| name | released-cards |
| description | Verify instrumentation, build measurement insights, close Slack loop for Released cards |
| disable-model-invocation | true |
Released Cards
For cards that moved to Released since the last run: verify instrumentation, build
measurement insights, close the loop in Slack, and flag gaps. The natural unit is
"cards released since last processed time." Designed for one-at-a-time depth but
fed a batch.
Also Read
Before starting, read these shared sections from box/shortcut-ops.md:
- Workspace Constants: Shortcut IDs, workflow states, mutation scripts
- API Quirks: Shortcut and Slack API gotchas
Constraints
- Mutation gate: A PreToolUse hook blocks all Slack and Shortcut mutations
through Bash. Route through
agenterminal.execute_approved or present the
command for the user to run.
- Human-in-the-loop: Present scoped card list at checkpoint (end of Phase 1
scope determination). Confirm before proceeding to notifications.

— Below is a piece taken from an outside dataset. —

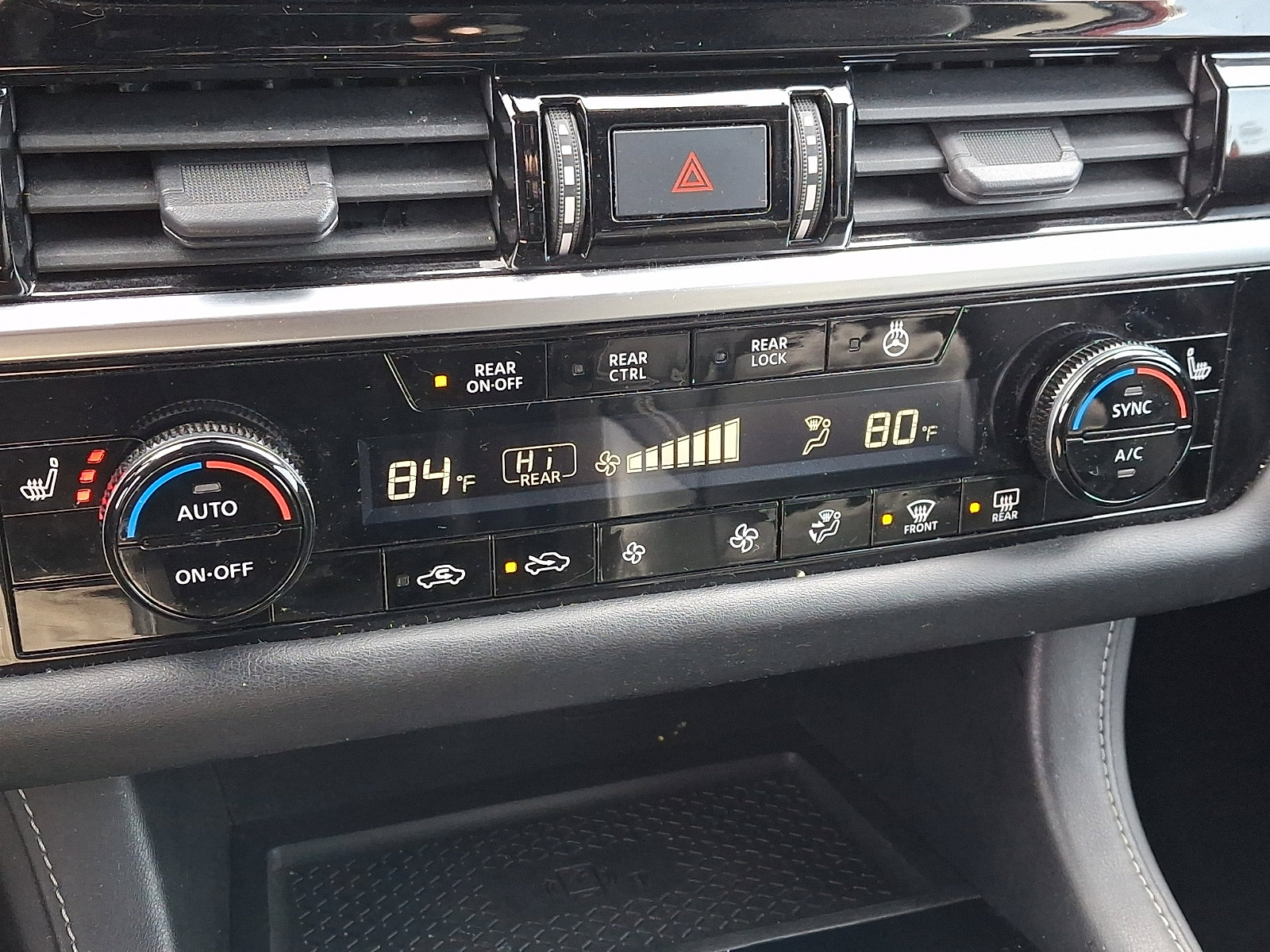 Used 2022 Nissan Pathfinder SL w/ SL Premium Package image 19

- Insight creation in main context: PostHog insight creation is a durable
write. Keep it under direct control rather than delegating.
- Before Shortcut or Slack API calls: check
reference/tooling-logistics.md
for tested recipes. Don't re-derive payload shapes or endpoint paths from scratch.
Constants
| Constant | Value |
|---|
| #feature-launch | C0E586F33 |
| #ideas | C0ADJ4ATJE4 |
| Released state ID | 500000021 |
| PostHog project ID | 161414 |
| PostHog insight URL | https://us.posthog.com/project/161414/insights/{short_id} |
Steps
1. Check watermark and query Released cards
python3 box/watermark.py get play6 --days
If it prints a number, use that as the lookback (compute --since date from days
ago). If none, fall back to 2 weeks.
python3 box/shortcut-cards.py --state Released --since YYYY-MM-DD --exclude-comment-matching "Release impact" --summary
Cards with any comment containing "Release impact" (insight links or "No insight
needed") are excluded automatically. If zero cards, stop: no Play 6 needed.
2. Scan #feature-launch for existing announcements
Scan #feature-launch (C0E586F33) for bot "shipped this!" posts AND human
announcements. Cards with an existing bot post have already been through this play.
Human announcements match by feature keywords, not SC number.
Do not filter the channel history by keyword. Fetch all recent messages and
cross-reference each card's feature area against the full list. Human posts use
natural language ("X is live", "just launched Y") that won't match bot patterns.
Cross-reference to identify the candidate set: Released cards with no bot
"shipped" post and no matching human announcement.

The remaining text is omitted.